By TOM BONE
Bluefield Daily Telegraph
It’s a weird ritual. In the deserted zone that surrounds the border between North and South Korea, a nightly encounter takes place between the military of the two nations.
“Every night, troops go up (through) the barbed wire and face off against each other,” said Dr. Joe Manzo, professor of geography at Concord University. “Then every morning, about dawn, they withdraw to their own side.”
Manzo has many stories about the Korean peninsula, having visited South Korea on three occasions as part of a student-exchange program between Concord and Kangwon National University.
On a field trip with students to the South Korean area of the “Demilitarized Zone,” they viewed the barbed wire stretching across a “no-man’s land” on the border.

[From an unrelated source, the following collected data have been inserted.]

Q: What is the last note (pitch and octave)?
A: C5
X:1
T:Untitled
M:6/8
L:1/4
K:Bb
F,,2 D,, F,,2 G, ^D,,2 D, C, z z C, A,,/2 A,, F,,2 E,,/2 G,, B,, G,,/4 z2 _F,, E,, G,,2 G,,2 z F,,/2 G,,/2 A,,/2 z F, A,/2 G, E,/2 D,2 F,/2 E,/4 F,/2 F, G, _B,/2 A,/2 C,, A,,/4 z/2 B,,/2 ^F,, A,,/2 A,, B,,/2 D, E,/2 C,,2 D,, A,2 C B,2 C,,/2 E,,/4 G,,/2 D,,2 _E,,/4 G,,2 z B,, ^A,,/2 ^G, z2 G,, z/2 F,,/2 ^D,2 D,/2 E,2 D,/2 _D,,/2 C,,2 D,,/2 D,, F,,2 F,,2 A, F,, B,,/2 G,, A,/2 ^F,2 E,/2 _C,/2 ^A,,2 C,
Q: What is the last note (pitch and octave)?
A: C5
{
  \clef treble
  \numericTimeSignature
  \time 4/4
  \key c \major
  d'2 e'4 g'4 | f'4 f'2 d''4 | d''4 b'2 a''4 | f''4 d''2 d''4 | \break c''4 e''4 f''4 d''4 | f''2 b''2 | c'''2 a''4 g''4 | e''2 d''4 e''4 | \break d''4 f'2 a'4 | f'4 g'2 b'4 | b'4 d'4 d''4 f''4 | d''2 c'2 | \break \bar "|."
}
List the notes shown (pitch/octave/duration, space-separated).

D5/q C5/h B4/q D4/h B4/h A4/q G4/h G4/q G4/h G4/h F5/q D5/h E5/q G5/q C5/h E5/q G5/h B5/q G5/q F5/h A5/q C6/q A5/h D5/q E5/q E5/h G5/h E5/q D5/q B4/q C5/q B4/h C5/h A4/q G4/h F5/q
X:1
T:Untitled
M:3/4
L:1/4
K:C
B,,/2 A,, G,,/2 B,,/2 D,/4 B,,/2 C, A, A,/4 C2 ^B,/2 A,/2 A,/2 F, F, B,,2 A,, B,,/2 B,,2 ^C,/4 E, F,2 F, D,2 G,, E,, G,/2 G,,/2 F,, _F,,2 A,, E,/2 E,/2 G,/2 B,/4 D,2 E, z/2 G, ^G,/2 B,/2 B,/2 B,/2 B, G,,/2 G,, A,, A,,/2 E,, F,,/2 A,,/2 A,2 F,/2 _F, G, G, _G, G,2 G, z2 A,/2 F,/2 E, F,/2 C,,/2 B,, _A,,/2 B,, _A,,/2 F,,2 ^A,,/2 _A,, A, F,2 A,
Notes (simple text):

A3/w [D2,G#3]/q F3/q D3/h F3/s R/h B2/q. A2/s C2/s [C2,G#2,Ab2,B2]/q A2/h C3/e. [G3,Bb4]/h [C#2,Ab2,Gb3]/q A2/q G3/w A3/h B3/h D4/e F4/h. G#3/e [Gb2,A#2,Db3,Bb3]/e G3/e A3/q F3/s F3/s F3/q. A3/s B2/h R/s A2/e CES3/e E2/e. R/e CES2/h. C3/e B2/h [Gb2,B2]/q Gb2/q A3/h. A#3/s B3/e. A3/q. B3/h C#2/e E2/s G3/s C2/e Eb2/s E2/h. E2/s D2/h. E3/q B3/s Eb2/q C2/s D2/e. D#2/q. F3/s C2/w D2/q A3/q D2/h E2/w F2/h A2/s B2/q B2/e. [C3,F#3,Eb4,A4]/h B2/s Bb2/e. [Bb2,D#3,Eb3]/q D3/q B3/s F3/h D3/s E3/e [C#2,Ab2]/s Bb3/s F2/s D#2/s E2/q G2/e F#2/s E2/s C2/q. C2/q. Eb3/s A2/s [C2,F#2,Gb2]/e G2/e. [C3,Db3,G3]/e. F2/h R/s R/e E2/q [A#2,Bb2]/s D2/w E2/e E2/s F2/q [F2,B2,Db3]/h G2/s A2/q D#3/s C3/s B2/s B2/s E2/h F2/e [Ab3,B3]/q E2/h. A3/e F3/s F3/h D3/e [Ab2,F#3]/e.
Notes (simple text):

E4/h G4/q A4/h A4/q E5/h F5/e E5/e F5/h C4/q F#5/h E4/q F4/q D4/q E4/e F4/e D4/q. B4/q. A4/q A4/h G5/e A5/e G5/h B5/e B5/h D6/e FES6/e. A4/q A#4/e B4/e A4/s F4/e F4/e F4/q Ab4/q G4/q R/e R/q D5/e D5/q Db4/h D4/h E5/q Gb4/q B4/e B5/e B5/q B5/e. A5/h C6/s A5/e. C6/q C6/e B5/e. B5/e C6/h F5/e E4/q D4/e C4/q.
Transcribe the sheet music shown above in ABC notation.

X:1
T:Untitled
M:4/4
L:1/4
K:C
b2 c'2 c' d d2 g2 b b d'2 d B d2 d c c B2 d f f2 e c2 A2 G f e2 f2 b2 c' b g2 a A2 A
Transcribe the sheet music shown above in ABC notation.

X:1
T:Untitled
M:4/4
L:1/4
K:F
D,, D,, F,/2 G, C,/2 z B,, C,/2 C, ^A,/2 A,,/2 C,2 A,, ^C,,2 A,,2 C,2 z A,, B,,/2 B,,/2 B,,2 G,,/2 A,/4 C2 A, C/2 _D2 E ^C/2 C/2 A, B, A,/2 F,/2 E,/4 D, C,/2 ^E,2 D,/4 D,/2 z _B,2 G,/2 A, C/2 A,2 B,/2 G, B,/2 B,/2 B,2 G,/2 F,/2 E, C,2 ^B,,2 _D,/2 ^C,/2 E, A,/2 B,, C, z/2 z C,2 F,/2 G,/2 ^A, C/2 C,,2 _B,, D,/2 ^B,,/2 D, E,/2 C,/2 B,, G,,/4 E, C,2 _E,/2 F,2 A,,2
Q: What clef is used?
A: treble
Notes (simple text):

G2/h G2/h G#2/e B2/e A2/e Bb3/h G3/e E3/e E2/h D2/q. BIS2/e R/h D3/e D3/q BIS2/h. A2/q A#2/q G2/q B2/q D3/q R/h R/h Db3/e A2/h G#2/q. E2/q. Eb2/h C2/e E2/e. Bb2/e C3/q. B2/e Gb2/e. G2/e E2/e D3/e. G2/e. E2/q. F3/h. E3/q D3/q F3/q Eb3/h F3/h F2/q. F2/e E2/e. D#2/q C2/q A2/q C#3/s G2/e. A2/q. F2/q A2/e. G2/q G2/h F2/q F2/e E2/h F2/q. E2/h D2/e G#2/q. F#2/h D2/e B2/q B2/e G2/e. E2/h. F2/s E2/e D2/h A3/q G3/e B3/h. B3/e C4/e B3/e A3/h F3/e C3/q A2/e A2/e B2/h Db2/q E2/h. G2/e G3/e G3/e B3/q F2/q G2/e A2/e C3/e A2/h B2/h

As they arrived in the area, they were warned that still cameras and video recorders were not to be used.
“There was barbed wire in front of what looked like a guest house at first glance. Of course, it wasn’t,” he said.
He has seen where North Korea reportedly tried to dig three tunnels into the south.
“The North Koreans were tunneling under a mountain,” Manzo said. “They (South Korean authorities) detected them when they saw smoke coming up from the ground.”
To view the tunnels, he said, “We took a train car into a cave, that ended at this wall. They had cemented it up.”
Manzo said he is not an expert on the Koreas, but had observations based on having been in South Korea and having talked with people in universities there.
“They really like us,” he said about relations with the United States. “The South Koreans like us.”
“They know their life is good,” he said. The capital of South Korea, Seoul, “is such a thriving, upbeat kind of place.”
Their economy almost completely escaped the deep recession that battered economies in America and most of the world beginning in 2008, he said.
“It’s a highly competitive economy,” he said. “They’ve kind of taken the theory of our (economic) system and turned it into reality.”
However, he said, there are reminders of the deprived, hungry, poor times that the nation endured years ago.
“There are still a lot of elderly who remember the hard times,” Manzo said. “Many of them are stooped over ... because of the diets they didn’t have. That generation is passing.”
He said that while in South Korea he talked to a college student from China who was granted permission to study in South Korea only after competing for the assignment with “what might be several hundred students.”
“We don’t think of South Korea as the ‘in’ place,” Manzo said, but to many in China, that nation’s prosperity is envied. “Economically, the Koreans are right where (they) want to be,” he said.
He was told that since North Koreans cannot simply move south to live, some go north into China in an effort to make their way to a better life. That usually does not work out well.
“They want to get out (of North Korea) if they can,” Manzo said. “They can end up being human trafficking victims,” he said. “Sometimes it’s like indentured servitude ... and it takes a long time to work your way out of that.”
The reclusive government of North Korea is now, at least officially, controlled by Kim Jong Un, the third generation of his family to hold power there.
“In order to keep it going in the family, they had to be particularly subservient to the military,” Manzo said. “It’s those military guys who kind of point the direction.”
He said that although South Korea has armed forces, “We’re their military. ... I think they don’t see themselves as being able to stave off an attack by North Korea.” The military of North Korea, he said, “is huge — and so is the amount of resources” they devote to it.
Despite the danger brought about by tensions between the two Korean governments, there are many American students abroad who look at South Korea, and Japan, as an opportunity to teach English abroad.
Even a 14-day summer exchange program like that in which Concord participates can open doors and create bonds.
Manzo said, “They go to class every day. They study economics, Korean history, Korean language. They find out about Korean music, Korean cooking.” They also tutored English studies with local students.
He said, “Our students go to class with Russian, Chinese and Thai students. That was great for them. They found they had similar interests. They played cards together in the dorms. They ate together, they traveled together ... .”
He said once the exchange program ends, “Then technology kicks in.” Students continue to communicate via Facebook and other social media.
Concord students earn three more hours of credit by taking a class on Asia after their return to campus, he said. South Korean students have attended Concord as well.
In December 2009, Manzo and a Concord business professor from South Korea, Dr. He-Boong Kwon, traveled across the Pacific to lay the groundwork for the outreach with Kangwon National University. Kwon is no longer at Concord.